··· Supplied entries

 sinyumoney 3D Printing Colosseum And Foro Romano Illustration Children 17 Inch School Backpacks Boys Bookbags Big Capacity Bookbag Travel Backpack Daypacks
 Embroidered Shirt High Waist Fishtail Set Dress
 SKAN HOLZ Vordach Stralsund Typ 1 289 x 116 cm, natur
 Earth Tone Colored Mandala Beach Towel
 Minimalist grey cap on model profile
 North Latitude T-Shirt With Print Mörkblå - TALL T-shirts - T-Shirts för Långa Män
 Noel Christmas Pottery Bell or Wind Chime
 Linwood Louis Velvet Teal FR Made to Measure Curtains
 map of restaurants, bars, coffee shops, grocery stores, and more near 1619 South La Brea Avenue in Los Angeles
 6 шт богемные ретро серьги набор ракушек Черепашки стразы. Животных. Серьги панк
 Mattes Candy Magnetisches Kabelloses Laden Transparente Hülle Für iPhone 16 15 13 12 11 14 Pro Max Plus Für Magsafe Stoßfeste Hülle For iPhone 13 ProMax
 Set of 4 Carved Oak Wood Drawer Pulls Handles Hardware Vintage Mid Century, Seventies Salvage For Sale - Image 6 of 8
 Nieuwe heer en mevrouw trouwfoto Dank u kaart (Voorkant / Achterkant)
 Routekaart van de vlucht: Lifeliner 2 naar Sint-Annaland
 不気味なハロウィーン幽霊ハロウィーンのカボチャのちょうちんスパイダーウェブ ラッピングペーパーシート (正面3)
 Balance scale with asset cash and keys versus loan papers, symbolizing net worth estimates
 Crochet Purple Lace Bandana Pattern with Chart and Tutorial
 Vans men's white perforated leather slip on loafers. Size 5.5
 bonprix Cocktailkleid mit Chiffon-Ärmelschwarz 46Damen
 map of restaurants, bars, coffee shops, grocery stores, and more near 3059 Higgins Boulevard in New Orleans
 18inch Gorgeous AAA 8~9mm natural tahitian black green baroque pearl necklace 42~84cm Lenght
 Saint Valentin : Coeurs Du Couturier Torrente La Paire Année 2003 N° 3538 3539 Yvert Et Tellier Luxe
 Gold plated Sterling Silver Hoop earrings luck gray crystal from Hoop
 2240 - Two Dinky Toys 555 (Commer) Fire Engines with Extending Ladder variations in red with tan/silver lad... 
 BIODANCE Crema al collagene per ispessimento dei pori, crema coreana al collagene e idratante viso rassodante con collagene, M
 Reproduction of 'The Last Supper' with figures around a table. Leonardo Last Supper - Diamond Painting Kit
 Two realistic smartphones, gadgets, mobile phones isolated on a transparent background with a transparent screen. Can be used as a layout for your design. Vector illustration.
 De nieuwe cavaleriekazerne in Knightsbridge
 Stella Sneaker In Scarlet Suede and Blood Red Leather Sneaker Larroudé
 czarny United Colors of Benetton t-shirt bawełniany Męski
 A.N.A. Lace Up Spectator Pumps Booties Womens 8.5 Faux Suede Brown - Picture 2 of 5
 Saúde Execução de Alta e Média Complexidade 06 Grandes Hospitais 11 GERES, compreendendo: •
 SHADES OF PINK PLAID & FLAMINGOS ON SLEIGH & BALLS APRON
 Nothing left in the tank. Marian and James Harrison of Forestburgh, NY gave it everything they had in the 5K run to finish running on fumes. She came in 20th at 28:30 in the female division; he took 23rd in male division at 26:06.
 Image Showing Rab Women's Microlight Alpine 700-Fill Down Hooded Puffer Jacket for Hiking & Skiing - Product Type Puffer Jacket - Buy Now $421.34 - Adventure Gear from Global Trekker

······

Write out every entry above, word for word.

 sinyumoney 3D Printing Colosseum And Foro Romano Illustration Children 17 Inch School Backpacks Boys Bookbags Big Capacity Bookbag Travel Backpack Daypacks
 Embroidered Shirt High Waist Fishtail Set Dress
 SKAN HOLZ Vordach Stralsund Typ 1 289 x 116 cm, natur
 Earth Tone Colored Mandala Beach Towel
 Minimalist grey cap on model profile
 North Latitude T-Shirt With Print Mörkblå - TALL T-shirts - T-Shirts för Långa Män
 Noel Christmas Pottery Bell or Wind Chime
 Linwood Louis Velvet Teal FR Made to Measure Curtains
 map of restaurants, bars, coffee shops, grocery stores, and more near 1619 South La Brea Avenue in Los Angeles
 6 шт богемные ретро серьги набор ракушек Черепашки стразы. Животных. Серьги панк
 Mattes Candy Magnetisches Kabelloses Laden Transparente Hülle Für iPhone 16 15 13 12 11 14 Pro Max Plus Für Magsafe Stoßfeste Hülle For iPhone 13 ProMax
 Set of 4 Carved Oak Wood Drawer Pulls Handles Hardware Vintage Mid Century, Seventies Salvage For Sale - Image 6 of 8
 Nieuwe heer en mevrouw trouwfoto Dank u kaart (Voorkant / Achterkant)
 Routekaart van de vlucht: Lifeliner 2 naar Sint-Annaland
 不気味なハロウィーン幽霊ハロウィーンのカボチャのちょうちんスパイダーウェブ ラッピングペーパーシート (正面3)
 Balance scale with asset cash and keys versus loan papers, symbolizing net worth estimates
 Crochet Purple Lace Bandana Pattern with Chart and Tutorial
 Vans men's white perforated leather slip on loafers. Size 5.5
 bonprix Cocktailkleid mit Chiffon-Ärmelschwarz 46Damen
 map of restaurants, bars, coffee shops, grocery stores, and more near 3059 Higgins Boulevard in New Orleans
 18inch Gorgeous AAA 8~9mm natural tahitian black green baroque pearl necklace 42~84cm Lenght
 Saint Valentin : Coeurs Du Couturier Torrente La Paire Année 2003 N° 3538 3539 Yvert Et Tellier Luxe
 Gold plated Sterling Silver Hoop earrings luck gray crystal from Hoop
 2240 - Two Dinky Toys 555 (Commer) Fire Engines with Extending Ladder variations in red with tan/silver lad... 
 BIODANCE Crema al collagene per ispessimento dei pori, crema coreana al collagene e idratante viso rassodante con collagene, M
 Reproduction of 'The Last Supper' with figures around a table. Leonardo Last Supper - Diamond Painting Kit
 Two realistic smartphones, gadgets, mobile phones isolated on a transparent background with a transparent screen. Can be used as a layout for your design. Vector illustration.
 De nieuwe cavaleriekazerne in Knightsbridge
 Stella Sneaker In Scarlet Suede and Blood Red Leather Sneaker Larroudé
 czarny United Colors of Benetton t-shirt bawełniany Męski
 A.N.A. Lace Up Spectator Pumps Booties Womens 8.5 Faux Suede Brown - Picture 2 of 5
 Saúde Execução de Alta e Média Complexidade 06 Grandes Hospitais 11 GERES, compreendendo: •
 SHADES OF PINK PLAID & FLAMINGOS ON SLEIGH & BALLS APRON
 Nothing left in the tank. Marian and James Harrison of Forestburgh, NY gave it everything they had in the 5K run to finish running on fumes. She came in 20th at 28:30 in the female division; he took 23rd in male division at 26:06.
 Image Showing Rab Women's Microlight Alpine 700-Fill Down Hooded Puffer Jacket for Hiking & Skiing - Product Type Puffer Jacket - Buy Now $421.34 - Adventure Gear from Global Trekker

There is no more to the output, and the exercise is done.